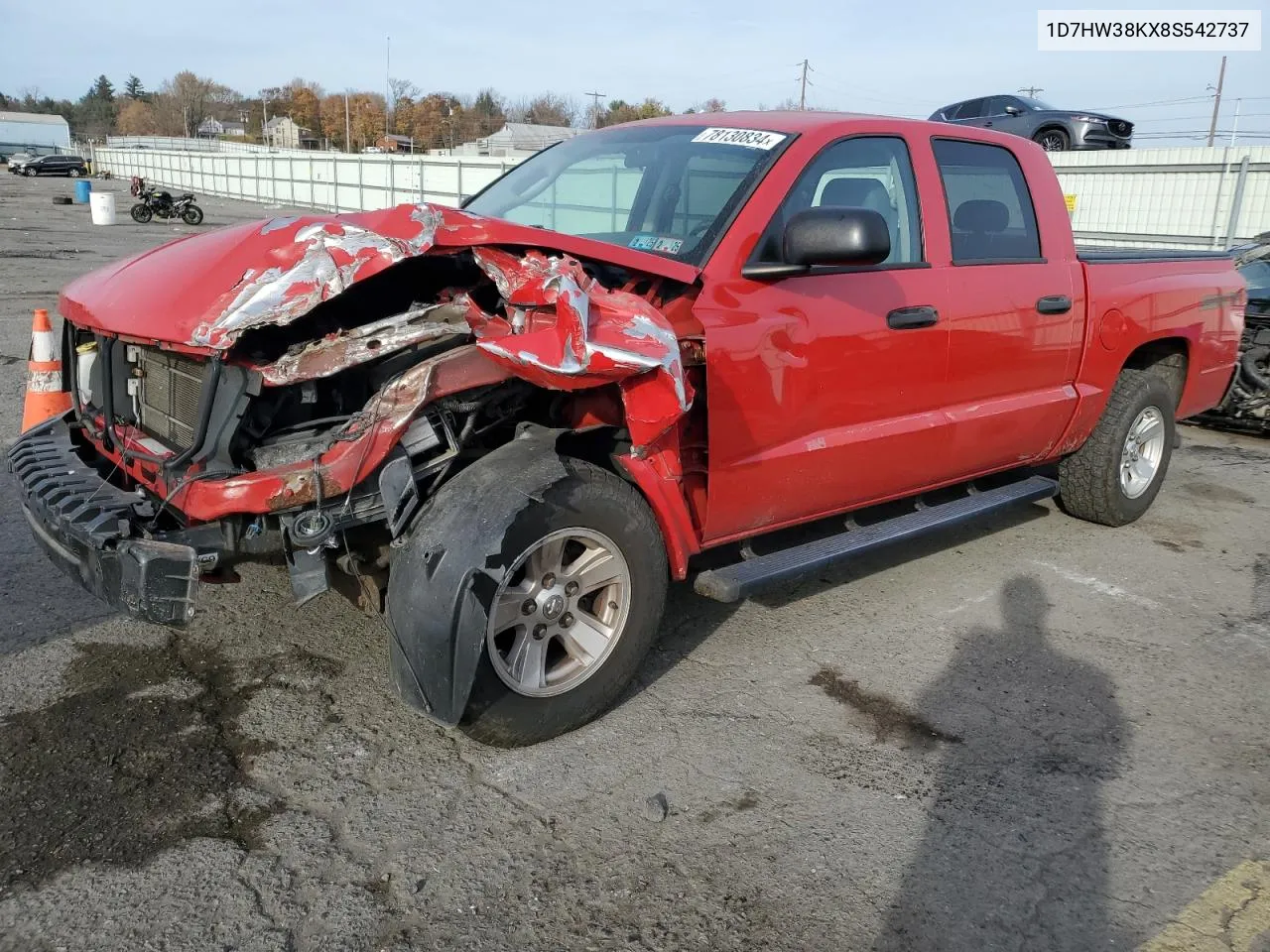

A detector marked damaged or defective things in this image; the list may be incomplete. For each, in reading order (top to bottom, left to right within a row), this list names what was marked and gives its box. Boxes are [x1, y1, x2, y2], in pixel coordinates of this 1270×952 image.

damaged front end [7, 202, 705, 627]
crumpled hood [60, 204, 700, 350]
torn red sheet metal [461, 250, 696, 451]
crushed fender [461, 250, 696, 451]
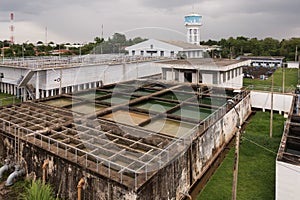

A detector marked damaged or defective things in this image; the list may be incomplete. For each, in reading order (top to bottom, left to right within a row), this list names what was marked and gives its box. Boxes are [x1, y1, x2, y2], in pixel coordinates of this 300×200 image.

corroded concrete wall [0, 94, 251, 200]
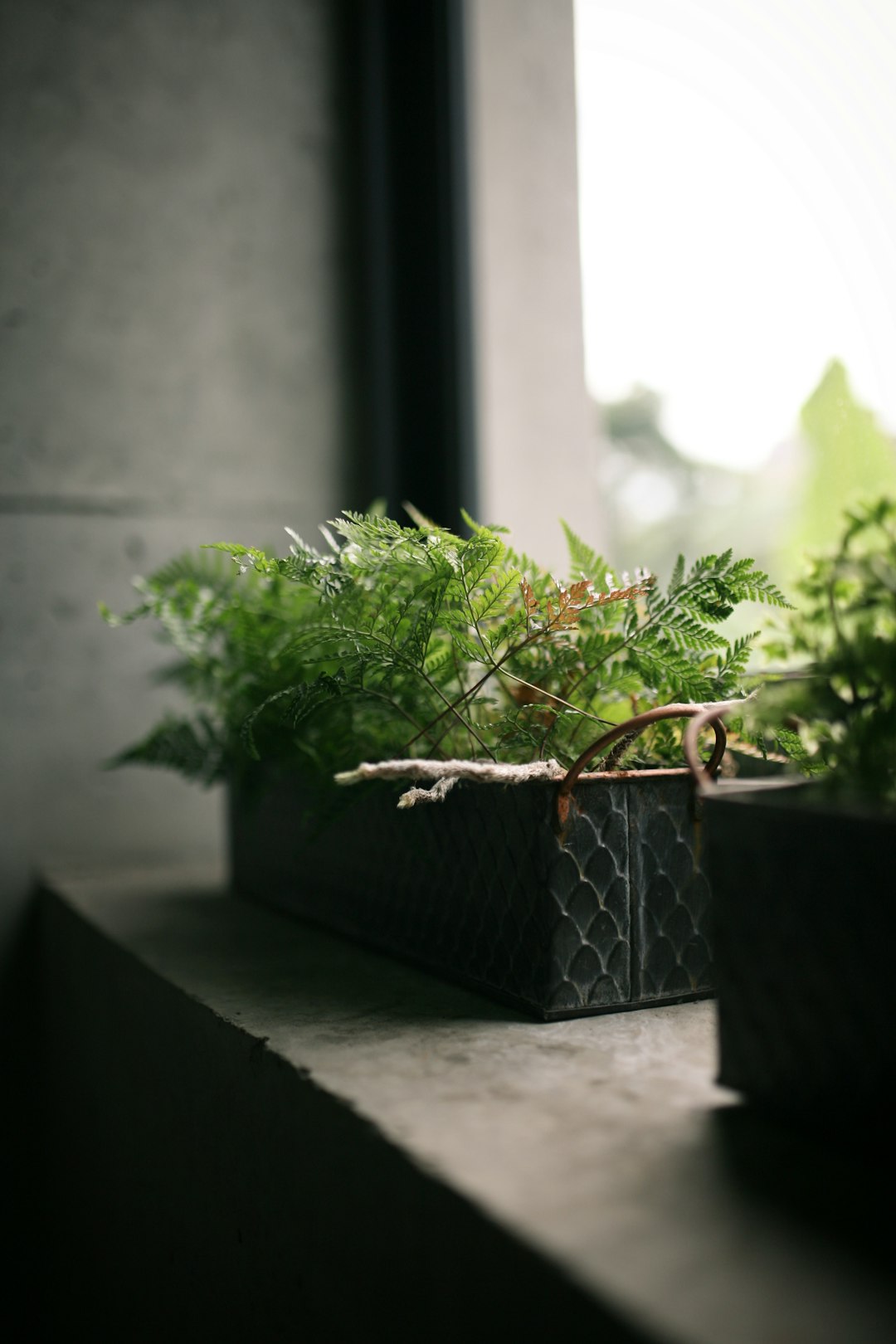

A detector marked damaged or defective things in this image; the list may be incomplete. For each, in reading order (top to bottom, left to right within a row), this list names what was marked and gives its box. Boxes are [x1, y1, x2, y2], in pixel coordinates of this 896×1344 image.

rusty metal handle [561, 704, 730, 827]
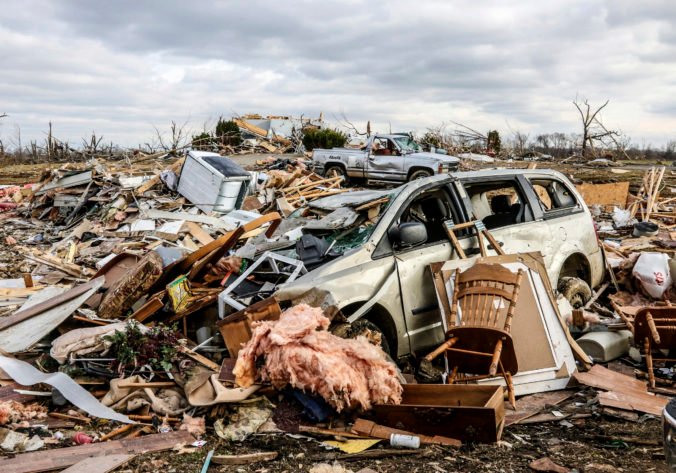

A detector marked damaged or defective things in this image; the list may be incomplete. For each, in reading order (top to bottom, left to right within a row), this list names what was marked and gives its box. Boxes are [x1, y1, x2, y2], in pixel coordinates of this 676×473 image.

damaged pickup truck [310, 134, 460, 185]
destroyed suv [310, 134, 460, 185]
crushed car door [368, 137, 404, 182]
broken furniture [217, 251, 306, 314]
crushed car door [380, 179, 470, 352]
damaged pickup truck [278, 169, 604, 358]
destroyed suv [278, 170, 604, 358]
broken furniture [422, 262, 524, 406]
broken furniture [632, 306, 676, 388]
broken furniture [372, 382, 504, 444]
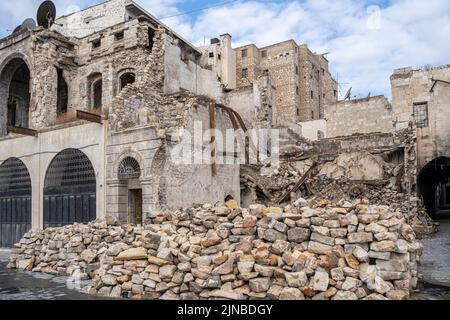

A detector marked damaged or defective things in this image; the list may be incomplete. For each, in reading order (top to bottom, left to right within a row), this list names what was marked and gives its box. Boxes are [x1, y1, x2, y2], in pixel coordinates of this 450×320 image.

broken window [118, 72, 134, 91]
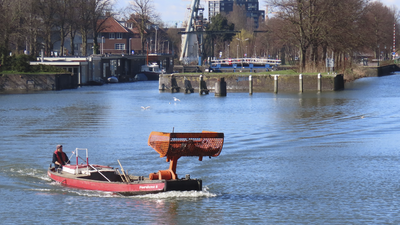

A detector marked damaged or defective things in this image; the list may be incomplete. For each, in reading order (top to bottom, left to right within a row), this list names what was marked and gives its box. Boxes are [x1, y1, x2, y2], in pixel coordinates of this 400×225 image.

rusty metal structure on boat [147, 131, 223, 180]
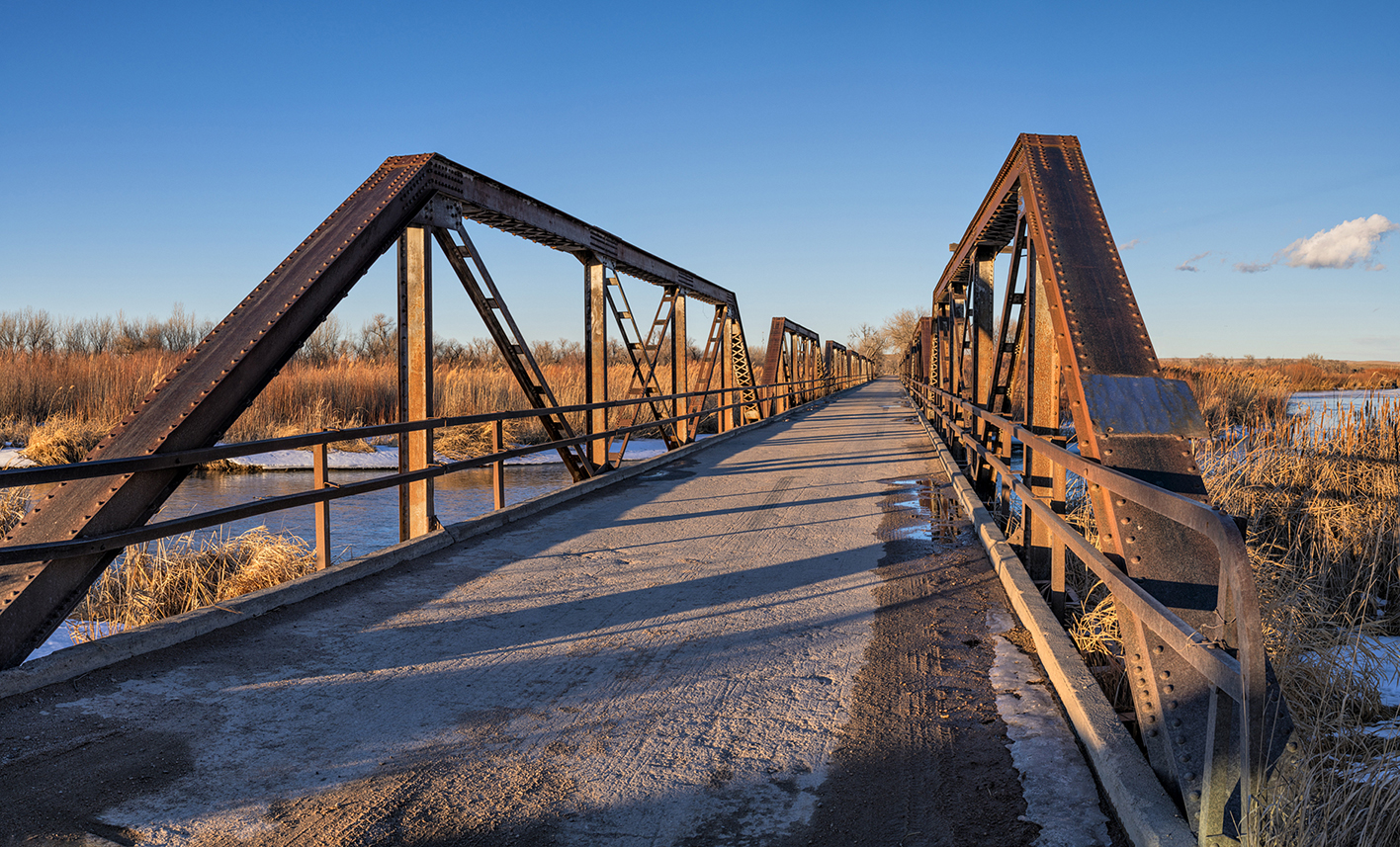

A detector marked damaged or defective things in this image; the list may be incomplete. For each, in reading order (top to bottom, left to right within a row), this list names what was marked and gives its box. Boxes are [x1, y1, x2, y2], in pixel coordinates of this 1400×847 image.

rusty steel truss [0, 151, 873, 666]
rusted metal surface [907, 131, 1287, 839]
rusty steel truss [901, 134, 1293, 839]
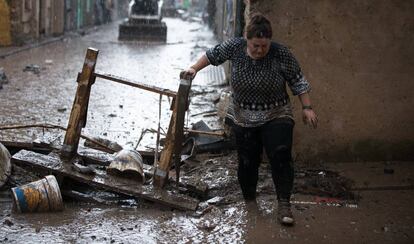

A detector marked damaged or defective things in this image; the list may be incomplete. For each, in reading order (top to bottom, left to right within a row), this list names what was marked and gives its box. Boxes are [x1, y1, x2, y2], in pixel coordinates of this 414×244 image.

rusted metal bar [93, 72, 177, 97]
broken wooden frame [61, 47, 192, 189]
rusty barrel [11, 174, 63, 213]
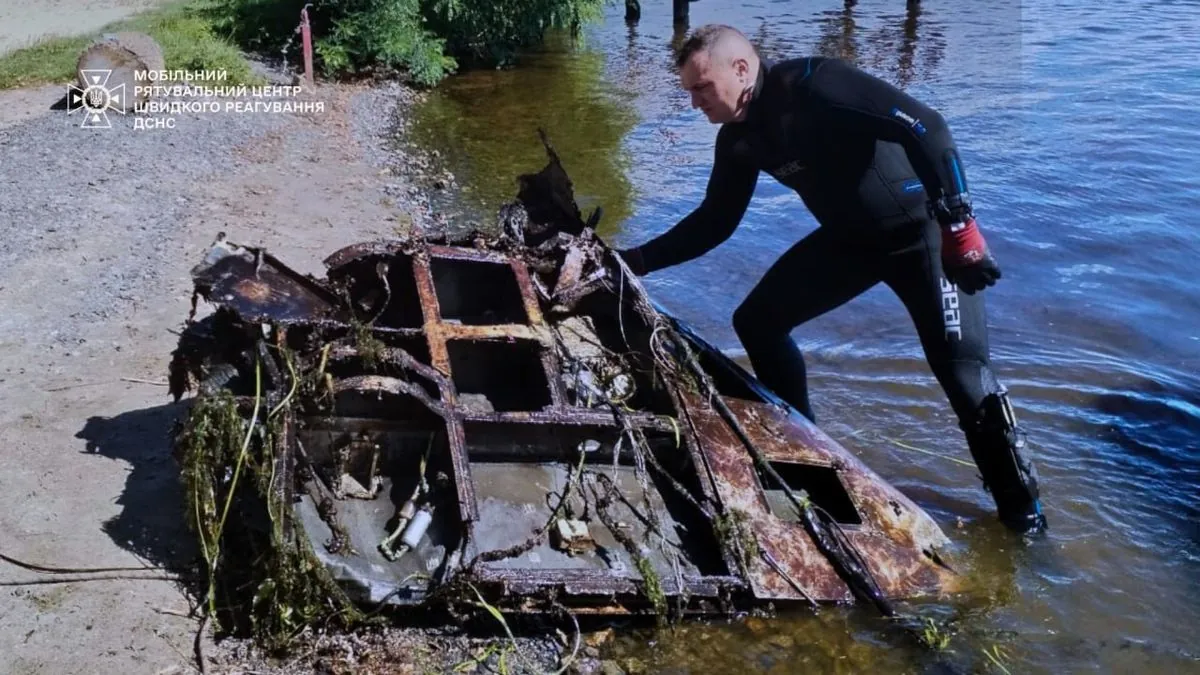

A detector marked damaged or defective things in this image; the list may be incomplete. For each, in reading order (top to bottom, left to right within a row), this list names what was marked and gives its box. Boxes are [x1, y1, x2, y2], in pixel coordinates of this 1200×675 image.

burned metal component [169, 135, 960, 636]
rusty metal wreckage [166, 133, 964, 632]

------------------------------

Problem statement |
Only the lines from the one bearing "this 1200×675 image." through the end of the entries above belong in the answer, each one exactly as given.

Answer area |
A detector marked damaged or defective things in this image; the list may be incomplete. For each, in reading order (top to bottom, left to right within a row), this list names what was marked and gives its box. Boxes are [x1, y1, x2, y2], in pixel coordinates of this 1200×675 image.

burned metal component [169, 135, 960, 636]
rusty metal wreckage [166, 133, 964, 632]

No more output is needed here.